Professor Mor Armony Wins Junior Faculty Interest Group Best Paper Award
NYU Stern Assistant Professor of Operations Management Mor Armony received the 2006 Junior Faculty Interest Group (JFIG) best paper award this fall at the Institute for Operations Research and the Management Sciences’ (INFORMS) national meeting in Pittsburgh for her research paper entitled, “When Promotions Meet Operations: Cross-Selling and Its Effect on Call-Center Performance.” Professor Armony shares this honor with co-author Itay Gurvich, a PhD student at Columbia University.

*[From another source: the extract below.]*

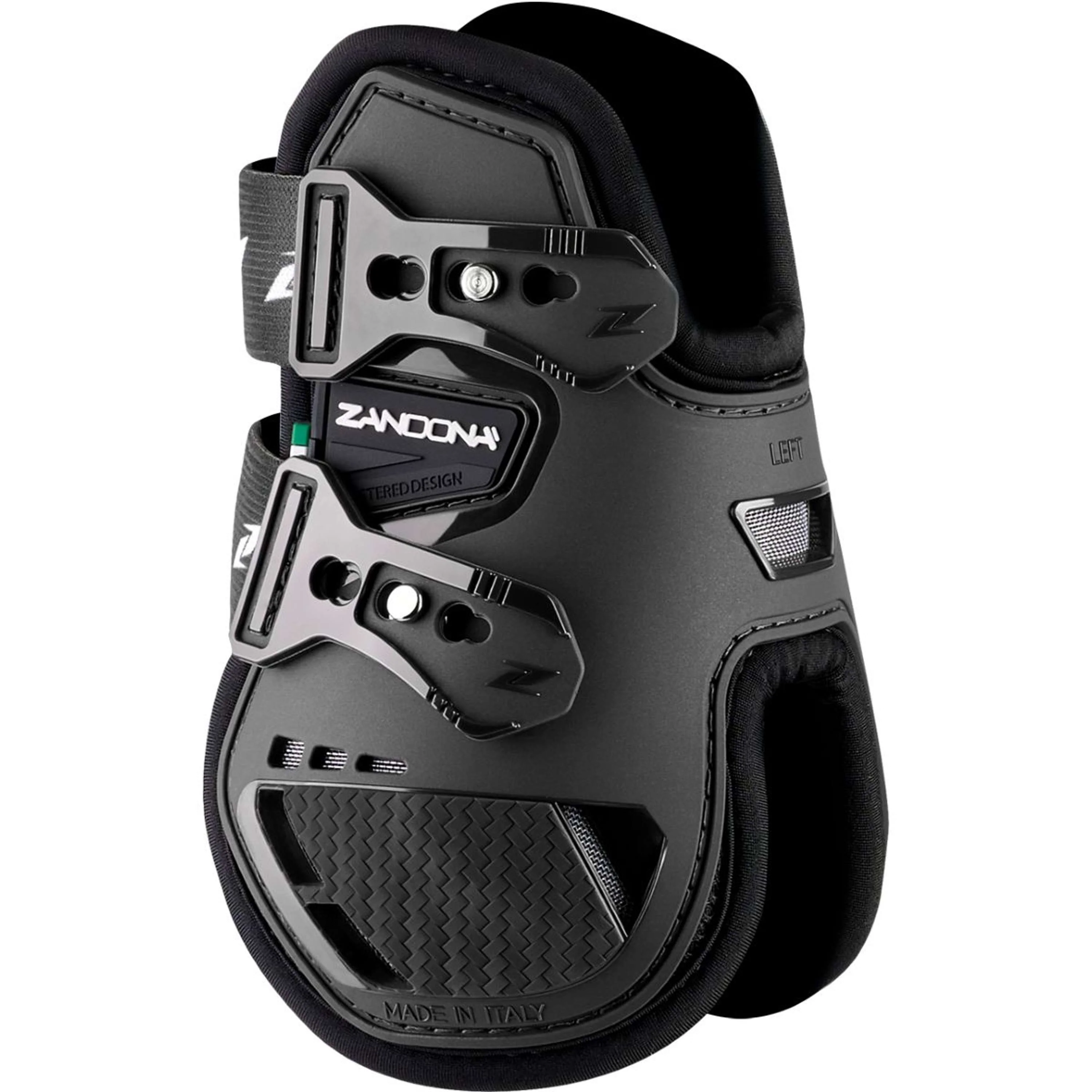 Zandona Protèges-Boulets Carbon Pro H-Performance Noir - Image 2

Their research provides a framework by which both marketing decisions, such as customer segmentation and pricing, and operational decisions, such as staffing and dynamic cross-selling, at call centers may be considered together. The authors introduce the most favorable pricing, staffing, call sequencing and cross-selling policies according to various forms of customer/caller segmentation. “Cross-selling, in particular, is an increasingly prevalent practice in call centers,” explains Professor Armony. “This is largely because it allows firms to segment callers dynamically and customize product offerings accordingly.” The paper also characterizes how the degree and timing of customer/caller segmentation affect the aforementioned policies and, ultimately, the call center’s bottom line.
The researchers found that optimal staffing levels depend upon anticipated revenues from cross-selling and call/order processing times. They also discovered that the introduction of cross-selling improves the overall quality of service and that customer segmentation improves results. “If done correctly, cross-selling can help transform call centers from merely service centers to significant sources of revenue. Many firms realize this advantage, but if staffing decisions are not made properly, introducing cross-selling can actually hurt quality of service and profitability,” argues Professor Armony.
The JFIG award was established by INFORMS, the largest organization in the world for operations research professionals, in 2001 to promote the career development of tenure track faculty working in operations research and management sciences. The goals of the paper competition are to encourage research among junior faculty and to increase the visibility of the research.
Gurvich was also awarded the INFORMS Manufacturing and Service Operations Management student paper award for a follow-up paper entitled, “Cross-Selling in a Call Center with a Heterogeneous Customer Population,” again co-authored by Professor Armony along with Constantinos Maglaras, Philip H. Geier Jr. Associate Professor of Business at Columbia Business School.